Als mensen niet aangeleerd zouden krijgen dat ze zich zouden moeten schamen voor hun seksualiteit, aldus Reich, zouden ze veel minder vol zitten met frustratie en opgekropte energie, vrijer zijn om zelf te bepalen wat goed of slecht is, en dus ook minder makkelijk over te halen te zijn tot agressie. Meer vrijheid binnenshuis, dacht Reich, betekent minder spanning daarbuiten.
Van gefrustreerde huisvrouw naar werkende moeder met seksuele vrijheid
Kan meer vrijheid op seksueel en romantisch gebied fungeren als een overdrukventiel?
Het is moeilijk om daar statistieken voor te vinden. Maar in verschillende recente boeken over open relaties komen die vrijheden inderdaad naar voren als manier om de psychologische druk op gezinsleden – vooral vrouwen – te verlagen.
Liefde blijkt geen eindige grondstof waarop moet worden bezuinigd; zoals hernieuwbare energie is ze potentieel oneindig
Naast All Fours verscheen dit jaar ook de memoir More, van Molly Roden Winter, waarin de New Yorkse auteur in totale frustratie het huis uit stormt nadat haar man weer eens zo laat thuiskomt van zijn werk dat hun twee zoons allang slapen. Nog diezelfde avond komt ze iemand tegen in een bar en ze valt als een blok voor hem.
Winter beschrijft hoe zij en haar man hun huwelijk in het decennium dat volgt langzaam openstellen voor anderen. Aanvankelijk gaan ze daarbij uit van allerlei angsten en verboden, zoals: niet verliefd worden. Die blijken zowel onhoudbaar als onnodig. Zoals Molly haar tweede zoon evenveel liefhad als haar eerste, zo waardeert ze haar man niet minder, maar méér nu ze ook andere geliefden heeft. Liefde blijkt geen eindige grondstof waarop moet worden bezuinigd; zoals hernieuwbare energie is ze potentieel oneindig.

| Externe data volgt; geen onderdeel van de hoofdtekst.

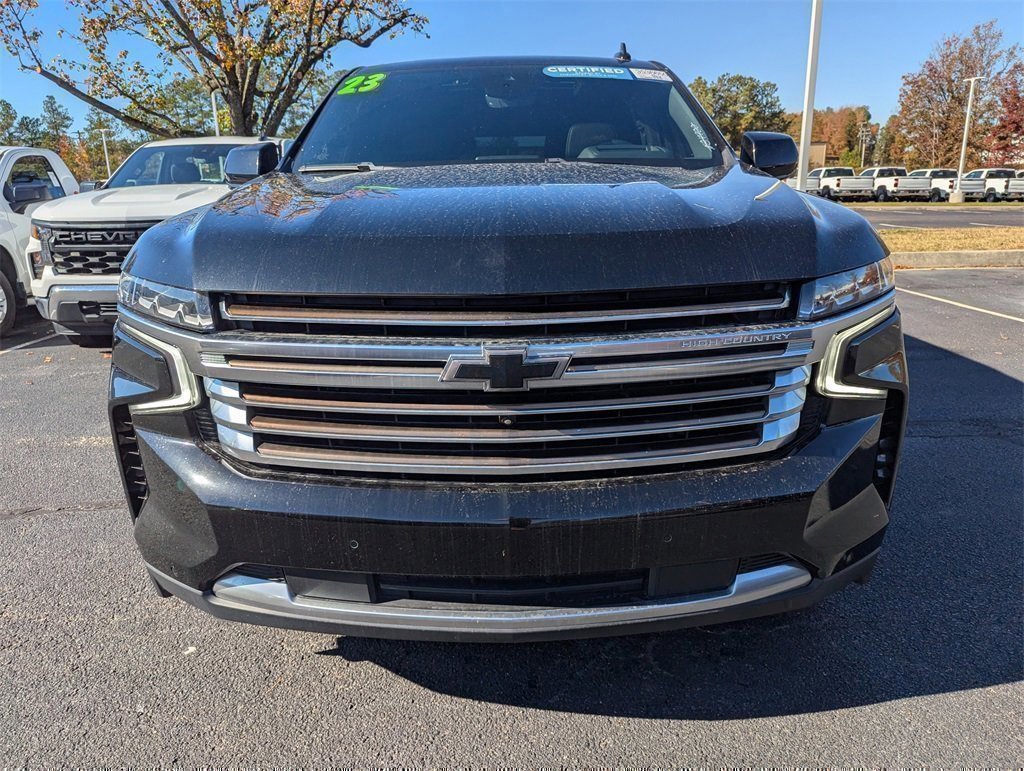 Used 2023 Chevrolet Suburban High Country image 3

Bovendien maakt Winter een metamorfose door: van gefrustreerde huisvrouw naar werkende moeder met seksuele vrijheid. Het kost haar grote moeite om het dienstbare pleasen dat traditionele vrouwelijkheid definieert, af te leren; maar ze wordt geholpen door de heftige migraines die komen opzetten telkens wanneer ze over haar eigen behoeftes heen walst. Ze kan haast niet anders. Het is buigen of barsten.
Wat als we het hoofdpijndossier ‘gezin’ op dezelfde manier zouden aanpakken als Molly deed? Niet, zoals men op rechts graag wil, met minder ruimte voor de vrouw, die wordt teruggestuurd naar ‘haar enige recht, het aanrecht’, maar met méér?
Er hangt veel emotie rondom het gezin, en dat is logisch: we associëren het met warmte, geborgenheid, de enige plek waar je je nog een beetje afgeschermd voelt voor de harde wereld. Hoe onzekerder het leven is, des te zekerder moet het gezin voelen. Het probleem is alleen: onveranderlijkheid is niet de beste garantie om te behouden wat waardevol is; het is de beste garantie om de druk verder te laten oplopen.
Pas als iets niet meer kan buigen, barst het.